Bug Report: NPZ/NPY Reader Issues — CRC Overhead, Memory Copies, O_DIRECT Decode-All, eval() Safety
Repo: dlio_benchmark
Date: March 2026
Severity: Medium–High (performance regression for all NPZ filesystem/S3 readers; correctness concern for O_DIRECT; security concern in O_DIRECT parser)
Affects: NPZ and NPY readers across filesystem, S3-simple, and O_DIRECT paths
Background
A review of all NPZ/NPY reader implementations against an expected behavior table
(covering CRC verification, member materialization, allocation count, and I/O API)
revealed four distinct issues. The S3-iterable path (NPZReaderS3Iterable /
NPYReaderS3Iterable via _S3IterableMixin) is unaffected — it never calls
np.load() and never decodes numpy.
Related Bug
This is really just bug / issue #223 with more details and proposed solution
Issue 1 — np.load() CRC-32 Cannot Be Disabled; No Bypass Exists
Files affected
dlio_benchmark/reader/npz_reader.py (NPZReader.open)
dlio_benchmark/reader/npz_reader_s3.py (NPZReaderS3.open)
Description
Both NPZReader and NPZReaderS3 call np.load() to read NPZ files:
# npz_reader.py
return np.load(filename, allow_pickle=True)['x']
# npz_reader_s3.py
return np.load(io.BytesIO(data), allow_pickle=True)['x']
np.load() opens NPZ files via Python's zipfile.ZipExtFile. That class
always performs CRC-32 verification on every read() call — there is no
verify_crc=False parameter in np.load() or in zipfile.
Confirmed from zipfile.ZipExtFile source:
def _update_crc(self, newdata):
if self._expected_crc is None:
return
self._running_crc = crc32(newdata, self._running_crc)
if self._eof and self._running_crc != self._expected_crc:
raise BadZipFile("Bad CRC-32 for file %r" % self.name)

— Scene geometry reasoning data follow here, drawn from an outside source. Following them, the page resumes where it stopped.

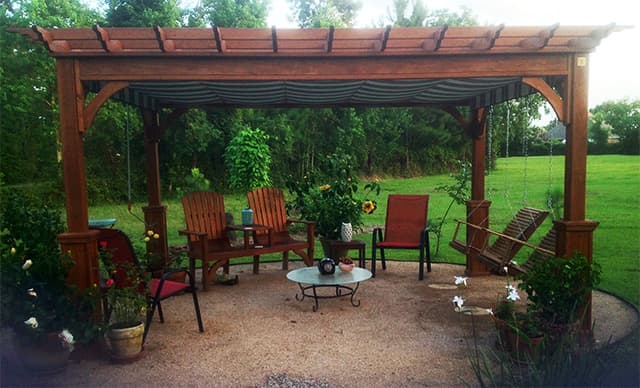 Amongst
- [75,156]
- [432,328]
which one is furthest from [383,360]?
[75,156]

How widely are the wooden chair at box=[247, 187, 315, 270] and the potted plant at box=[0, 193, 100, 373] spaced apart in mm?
2804

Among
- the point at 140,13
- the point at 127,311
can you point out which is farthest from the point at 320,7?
the point at 127,311

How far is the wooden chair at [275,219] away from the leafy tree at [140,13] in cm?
925

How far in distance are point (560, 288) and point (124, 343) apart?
9.69 ft

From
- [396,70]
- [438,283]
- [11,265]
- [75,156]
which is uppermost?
[396,70]

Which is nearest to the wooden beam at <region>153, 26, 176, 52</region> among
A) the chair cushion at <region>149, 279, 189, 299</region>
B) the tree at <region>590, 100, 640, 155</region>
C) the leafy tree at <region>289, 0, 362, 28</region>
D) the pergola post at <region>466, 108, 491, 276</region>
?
the chair cushion at <region>149, 279, 189, 299</region>

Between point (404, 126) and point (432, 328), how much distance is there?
1505 cm

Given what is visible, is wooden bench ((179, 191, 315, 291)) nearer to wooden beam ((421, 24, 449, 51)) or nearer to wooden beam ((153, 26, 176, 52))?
wooden beam ((153, 26, 176, 52))

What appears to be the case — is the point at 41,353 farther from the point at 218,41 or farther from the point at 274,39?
the point at 274,39

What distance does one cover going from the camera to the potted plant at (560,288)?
132 inches

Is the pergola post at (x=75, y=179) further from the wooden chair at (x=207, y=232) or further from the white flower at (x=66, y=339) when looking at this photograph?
the wooden chair at (x=207, y=232)

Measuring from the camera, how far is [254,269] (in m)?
6.18

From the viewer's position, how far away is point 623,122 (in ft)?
68.8

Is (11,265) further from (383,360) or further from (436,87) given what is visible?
(436,87) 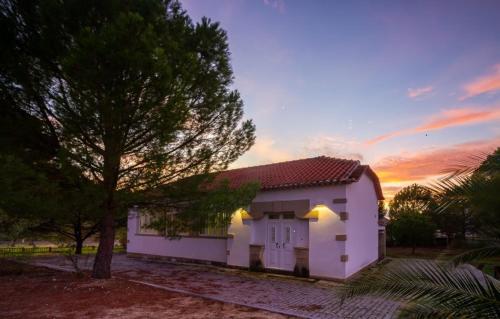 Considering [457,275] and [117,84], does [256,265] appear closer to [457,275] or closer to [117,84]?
[117,84]

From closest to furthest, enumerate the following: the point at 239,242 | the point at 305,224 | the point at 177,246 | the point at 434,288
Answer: the point at 434,288
the point at 305,224
the point at 239,242
the point at 177,246

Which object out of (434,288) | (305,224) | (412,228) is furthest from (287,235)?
(412,228)

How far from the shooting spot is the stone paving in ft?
26.9

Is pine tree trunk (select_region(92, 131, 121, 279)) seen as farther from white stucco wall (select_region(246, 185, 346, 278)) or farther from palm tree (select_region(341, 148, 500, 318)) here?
palm tree (select_region(341, 148, 500, 318))

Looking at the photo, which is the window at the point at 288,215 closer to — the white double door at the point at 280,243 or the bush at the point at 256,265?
the white double door at the point at 280,243

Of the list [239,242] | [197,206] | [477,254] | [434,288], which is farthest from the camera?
[239,242]

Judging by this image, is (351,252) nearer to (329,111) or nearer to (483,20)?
(329,111)

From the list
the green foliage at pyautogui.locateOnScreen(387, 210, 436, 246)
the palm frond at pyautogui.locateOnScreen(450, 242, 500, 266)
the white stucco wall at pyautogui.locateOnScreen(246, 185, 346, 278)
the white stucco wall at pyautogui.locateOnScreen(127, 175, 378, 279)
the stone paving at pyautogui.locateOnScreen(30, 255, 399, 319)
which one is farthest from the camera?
the green foliage at pyautogui.locateOnScreen(387, 210, 436, 246)

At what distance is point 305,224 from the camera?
13.3 metres

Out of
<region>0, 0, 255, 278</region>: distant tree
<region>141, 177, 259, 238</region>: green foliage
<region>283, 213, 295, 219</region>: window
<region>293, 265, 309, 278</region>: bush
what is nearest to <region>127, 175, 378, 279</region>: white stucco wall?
<region>293, 265, 309, 278</region>: bush

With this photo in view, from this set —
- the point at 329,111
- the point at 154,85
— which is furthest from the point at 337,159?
the point at 154,85

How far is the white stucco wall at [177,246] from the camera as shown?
16.1 meters

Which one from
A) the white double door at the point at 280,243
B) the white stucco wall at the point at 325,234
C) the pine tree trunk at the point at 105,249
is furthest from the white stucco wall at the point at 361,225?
the pine tree trunk at the point at 105,249

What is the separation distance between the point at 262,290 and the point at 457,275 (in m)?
7.55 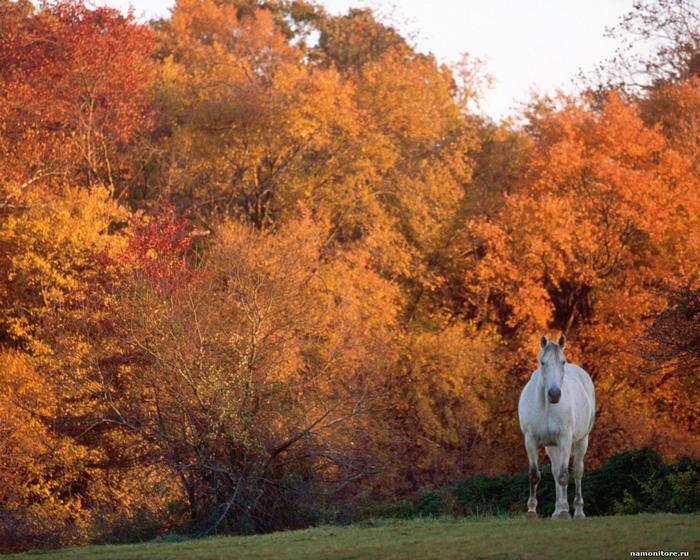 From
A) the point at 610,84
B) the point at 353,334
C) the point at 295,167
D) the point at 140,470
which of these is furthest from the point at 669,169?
the point at 140,470

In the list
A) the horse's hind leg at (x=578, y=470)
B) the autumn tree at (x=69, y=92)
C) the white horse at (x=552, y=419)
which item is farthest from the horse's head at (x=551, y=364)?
the autumn tree at (x=69, y=92)

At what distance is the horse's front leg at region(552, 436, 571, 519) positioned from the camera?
14.9m

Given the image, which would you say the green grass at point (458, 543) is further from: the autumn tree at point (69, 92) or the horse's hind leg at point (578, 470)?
the autumn tree at point (69, 92)

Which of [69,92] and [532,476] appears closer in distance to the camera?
[532,476]

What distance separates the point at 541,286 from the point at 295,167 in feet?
32.0

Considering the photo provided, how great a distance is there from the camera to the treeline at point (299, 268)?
2230 cm

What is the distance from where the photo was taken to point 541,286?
3916 cm

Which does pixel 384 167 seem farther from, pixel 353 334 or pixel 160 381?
pixel 160 381

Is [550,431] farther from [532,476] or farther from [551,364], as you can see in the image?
[551,364]

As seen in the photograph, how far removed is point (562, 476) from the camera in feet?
49.8

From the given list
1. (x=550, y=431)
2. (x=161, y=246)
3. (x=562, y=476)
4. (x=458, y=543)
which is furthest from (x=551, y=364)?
(x=161, y=246)

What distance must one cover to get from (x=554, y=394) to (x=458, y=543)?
3.27 metres

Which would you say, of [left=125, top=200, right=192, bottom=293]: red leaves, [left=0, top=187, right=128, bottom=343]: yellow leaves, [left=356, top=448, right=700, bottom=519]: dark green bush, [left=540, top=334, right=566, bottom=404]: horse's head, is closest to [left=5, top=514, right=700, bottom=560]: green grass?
[left=540, top=334, right=566, bottom=404]: horse's head

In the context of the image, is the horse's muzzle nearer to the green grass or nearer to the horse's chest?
the horse's chest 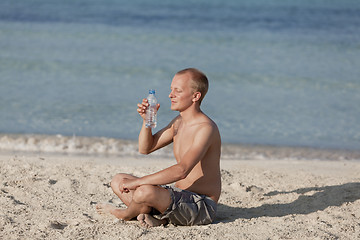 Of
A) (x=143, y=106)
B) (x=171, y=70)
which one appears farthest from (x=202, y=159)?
(x=171, y=70)

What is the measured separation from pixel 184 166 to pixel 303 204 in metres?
1.49

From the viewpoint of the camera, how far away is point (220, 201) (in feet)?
15.8

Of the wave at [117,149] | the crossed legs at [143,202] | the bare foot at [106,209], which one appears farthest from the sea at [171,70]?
the crossed legs at [143,202]

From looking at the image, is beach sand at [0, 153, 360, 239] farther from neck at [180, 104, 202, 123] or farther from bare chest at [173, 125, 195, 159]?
neck at [180, 104, 202, 123]

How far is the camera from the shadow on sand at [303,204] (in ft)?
14.6

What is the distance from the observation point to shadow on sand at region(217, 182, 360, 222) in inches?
175

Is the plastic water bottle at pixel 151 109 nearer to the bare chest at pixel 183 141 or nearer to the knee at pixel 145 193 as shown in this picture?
the bare chest at pixel 183 141

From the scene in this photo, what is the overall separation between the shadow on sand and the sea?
2223mm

For a storage benchmark, CRC verification adds pure CPU overhead on every file
read with zero benefit: the files are synthetic, generated by the benchmark itself,
and the benchmark discards the decoded data immediately after reading
(DLIO yields self._args.resized_image, not the decoded bytes).
Expected behavior
An optimized buffered reader that manually parses the ZIP local-file header and
decompresses the member data without performing CRC verification — as the O_DIRECT
reader (npz_reader_odirect.py) already does via parse_npz() + parse_npy().
Workaround
None for the filesystem and S3-simple paths. The S3-iterable readers
(NPZReaderS3Iterable) already avoid this by not decoding numpy at all.
Issue 2 — npz_reader_odirect.py Decodes ALL Members, Not One
File affected
dlio_benchmark/reader/npz_reader_odirect.py (NPZReaderODIRECT.parse_npz)
Description
parse_npz() iterates the entire ZIP local-file stream, decoding and storing
every member it encounters before returning the requested one:
def parse_npz(self, mem_view):
files = {}
pos = 0
while pos < len(mem_view):
local_header_signature = mem_view[pos:pos+4].tobytes()
if local_header_signature != b'\x50\x4b\x03\x04':
break
# ... parse compressed_size, uncompressed_size, filename ...
compressed_data = mem_view[pos:pos+compressed_size]
pos += compressed_size
files[filename] = self.parse_npy(uncompressed_data) # ← decodes ALL
return files # caller picks ["x"] and discards the rest
For DLIO-generated NPZ files that contain exactly one member (x), this is
equivalent to reading one member. However:
- The code is misleadingly documented — the table accompanying this issue
describes O_DIRECT as reading "exactly one (target)" member, which is only
accidentally true.
- Any NPZ file with multiple members will have all of them decoded and allocated
in memory simultaneously, then discarded — wasted CPU and allocation.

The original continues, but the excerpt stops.